Couldnt answer that one. I quit at the start of december and havnt been back there since. None of the workers there have a clue about fish (or much else for that matter) and i wouldnt buy anything from there if you payed me. He deals with the suppliers that offer him the best deals and so has sh*t fish in all the time. Hasnt a clue what can go with what so everything you see has usually been beaten up by cichlids or puffers and then moved after. Dont think iv bought anything from there in abut a year. I think hes expanding the fish room though, he took out the middle row of tanks in november becasue they were sinking into the floor lol. And he had plans to knock the back wall out and expand the fish room into the store room.

As for the pacu's. He almost got closed down by those inspectors that check on how animals are treated becasue of the pacu tank size,(along with afew other reasons)


----------



## yorkshire (Jul 27, 2004)

piranhasrule said:


> > Has Tickhill got any better? their fish always used to look half dead to me, and the tanks were always dirty
> 
> 
> Couldnt answer that one. I quit at the start of december and havnt been back there since. None of the workers there have a clue about fish (or much else for that matter) and i wouldnt buy anything from there if you payed me. He deals with the suppliers that offer him the best deals and so has sh*t fish in all the time. Hasnt a clue what can go with what so everything you see has usually been beaten up by cichlids or puffers and then moved after. Dont think iv bought anything from there in abut a year. I think hes expanding the fish room though, he took out the middle row of tanks in november becasue they were sinking into the floor lol. And he had plans to knock the back wall out and expand the fish room into the store room.
> ...


I called in a month or two ago just cos i was passin and needed some filter media.They tried to sell me the pacu's for a couple of hundred quid for the lot.
The shop is in the perfect location, and if done properly, would make a fortune.
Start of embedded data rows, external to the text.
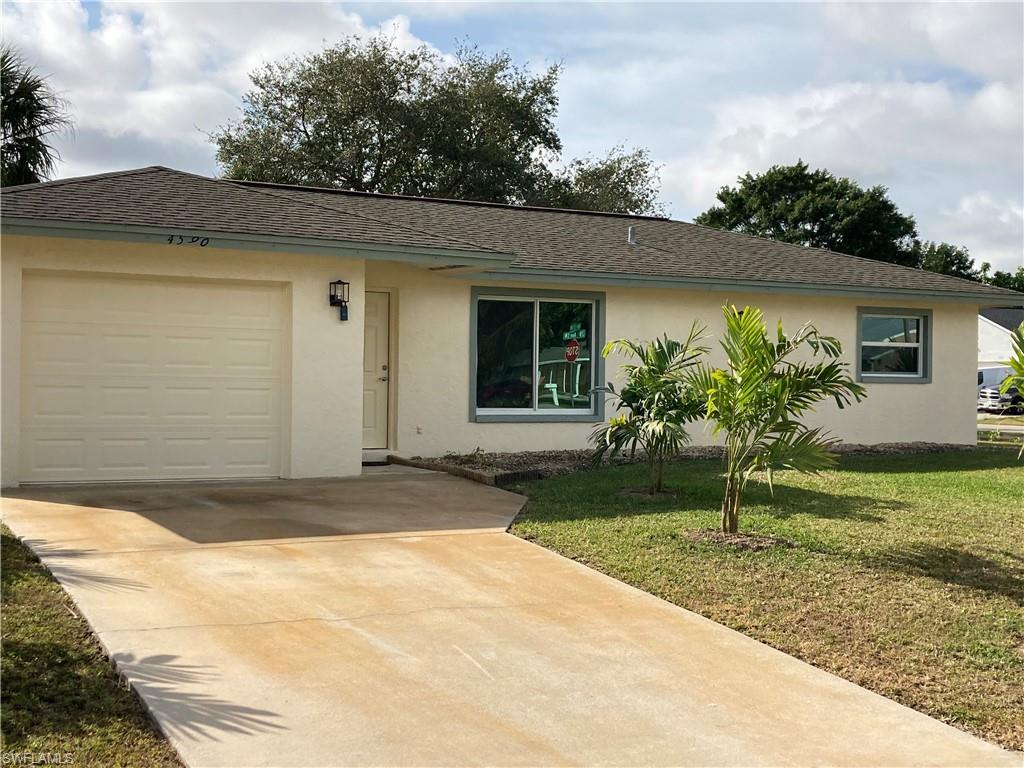 4590 28th Avenue Southwest Naples, FL 34116 - Photo 18 of 37 a front view of a house with garden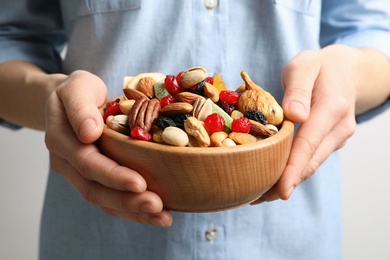 Photo of Young woman holding bowl with different dried fruits and nuts, closeup
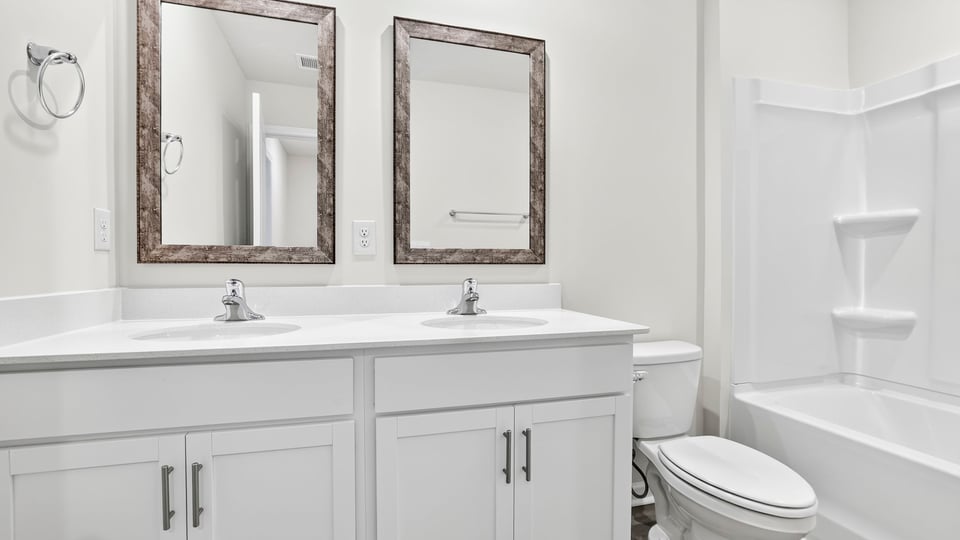 Bathroom with double vanity sinks.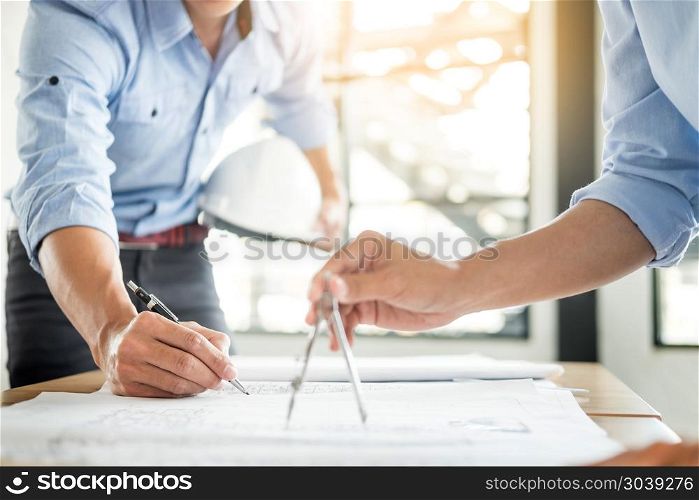 Close-up Of Person&rsquo;s engineer Hand Drawing Plan On Blue Print with architect equipment, Architects discussing at the table, team work and work flow construction concept.. Close-up Of Person&rsquo;s engineer Hand Drawing Plan On Blue Print wi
What a waste of a potentialy good fish shop








Have you tried the little garden center on Broomhouse lane (Edlo back lane) just over the motorway bridge out of Balby?
New owners have it and are trying to get the fish bit going. Not a brilliant selection, but at least they are trying.
Two other good fish shops is Rainbow in mexborough, and the one on the corner at the top shops in Balby. Rainbow i havent been to in a while but is where i got my pike from, and he was putting a load more tanks in at the time. Has a good African/cichlid selection :nod: 
The one on the top shops has my lobster, and is where i got my archers from. He's got some very nice congo tetras in, and some headstanders that i'd have liked to buy


----------



## piranhasrule (May 31, 2004)

They tried to sell you the pacus? they promised the lady that brought them in that they would never sell them as she wanted to be able to come in and see them occasionally.
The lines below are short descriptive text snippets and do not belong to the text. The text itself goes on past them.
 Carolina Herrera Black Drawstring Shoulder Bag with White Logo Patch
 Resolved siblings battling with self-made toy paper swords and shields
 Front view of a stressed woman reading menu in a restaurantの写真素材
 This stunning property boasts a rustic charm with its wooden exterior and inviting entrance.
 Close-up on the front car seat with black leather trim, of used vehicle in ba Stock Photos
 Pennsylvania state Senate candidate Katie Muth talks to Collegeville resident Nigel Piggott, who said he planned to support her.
Went into the one on broomhouse lane before it was under new ownership and hated it. looked horrible, there were only about 4 different types of fish in and most were dieing. Might have to visit it again though

Never been to rainbow although iv heard good things about it from some customers at viscum

Whats this one in balby? i spend alot of time in balby with friends but iv never seen it! there was that one next to the dog grooming place that closed down, and discus and haven tropicals which was a good shop but didnt get any customers because of the location and closed down aswell

I went to creature comforts the other day while i was in town and its rubbish. The fish room is like a basement and it was the same fish in every tank


----------



## yorkshire (Jul 27, 2004)

The one in balby is on the same row of shops as the dog place. Its the pet shop on the corner. I didnt know until recently, but they've got some tanks downstairs. Not a massive collection, but some variety and they looked healthy. Def worth a looksee :laugh: 
Say hello to the big blue yabby for me while you are there








Oh, and they've got some smallish red bellys in :nod:


----------



## janus (Oct 28, 2004)

Nice Pleco you got there.
And the pics are great...as usually.


----------



## pamonster (Jun 26, 2003)

I'm going to have to get a cooler pleco. He's awesome!


----------